AIM OF THE EXERCISE: What is needed is an exact retyping of the records below, from the first line through the line that contains "给大家科普一下！微乐河北麻将专用神器(揭秘微信里插件购买)".
■ ■ ■ ■
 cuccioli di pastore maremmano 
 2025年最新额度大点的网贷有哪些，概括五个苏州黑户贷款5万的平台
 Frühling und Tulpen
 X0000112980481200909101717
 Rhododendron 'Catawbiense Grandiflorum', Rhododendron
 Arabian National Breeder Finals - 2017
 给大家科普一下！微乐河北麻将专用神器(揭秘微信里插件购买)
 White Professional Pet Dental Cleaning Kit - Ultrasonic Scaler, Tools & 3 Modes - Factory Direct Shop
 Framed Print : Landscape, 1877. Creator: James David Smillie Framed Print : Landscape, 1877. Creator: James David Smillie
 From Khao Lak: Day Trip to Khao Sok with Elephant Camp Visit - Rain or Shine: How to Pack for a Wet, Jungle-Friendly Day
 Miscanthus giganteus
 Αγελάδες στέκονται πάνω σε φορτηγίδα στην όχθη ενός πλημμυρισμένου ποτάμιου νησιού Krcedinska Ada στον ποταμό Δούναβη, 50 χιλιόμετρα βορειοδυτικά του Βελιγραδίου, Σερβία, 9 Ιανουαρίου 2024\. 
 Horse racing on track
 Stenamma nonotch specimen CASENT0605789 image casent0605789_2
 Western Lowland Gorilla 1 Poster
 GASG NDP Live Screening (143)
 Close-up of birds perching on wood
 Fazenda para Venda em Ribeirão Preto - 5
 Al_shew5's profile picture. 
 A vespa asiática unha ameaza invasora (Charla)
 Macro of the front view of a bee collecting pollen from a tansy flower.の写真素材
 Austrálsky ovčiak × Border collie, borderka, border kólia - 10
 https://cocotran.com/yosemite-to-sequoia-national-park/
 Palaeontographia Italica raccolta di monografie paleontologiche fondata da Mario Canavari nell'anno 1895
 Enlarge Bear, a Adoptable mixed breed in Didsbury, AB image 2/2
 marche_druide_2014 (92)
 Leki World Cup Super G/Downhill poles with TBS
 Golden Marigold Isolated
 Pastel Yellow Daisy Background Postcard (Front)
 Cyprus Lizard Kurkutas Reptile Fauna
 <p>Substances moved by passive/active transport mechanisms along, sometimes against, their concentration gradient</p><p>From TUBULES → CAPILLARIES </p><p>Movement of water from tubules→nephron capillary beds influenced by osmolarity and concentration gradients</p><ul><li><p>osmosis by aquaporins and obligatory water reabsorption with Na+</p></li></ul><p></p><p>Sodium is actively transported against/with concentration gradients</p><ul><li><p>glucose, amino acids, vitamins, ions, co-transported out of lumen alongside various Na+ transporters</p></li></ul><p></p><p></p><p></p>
■ ■ ■ ■
EXERCISE ANSWER:
 cuccioli di pastore maremmano 
 2025年最新额度大点的网贷有哪些，概括五个苏州黑户贷款5万的平台
 Frühling und Tulpen
 X0000112980481200909101717
 Rhododendron 'Catawbiense Grandiflorum', Rhododendron
 Arabian National Breeder Finals - 2017
 给大家科普一下！微乐河北麻将专用神器(揭秘微信里插件购买)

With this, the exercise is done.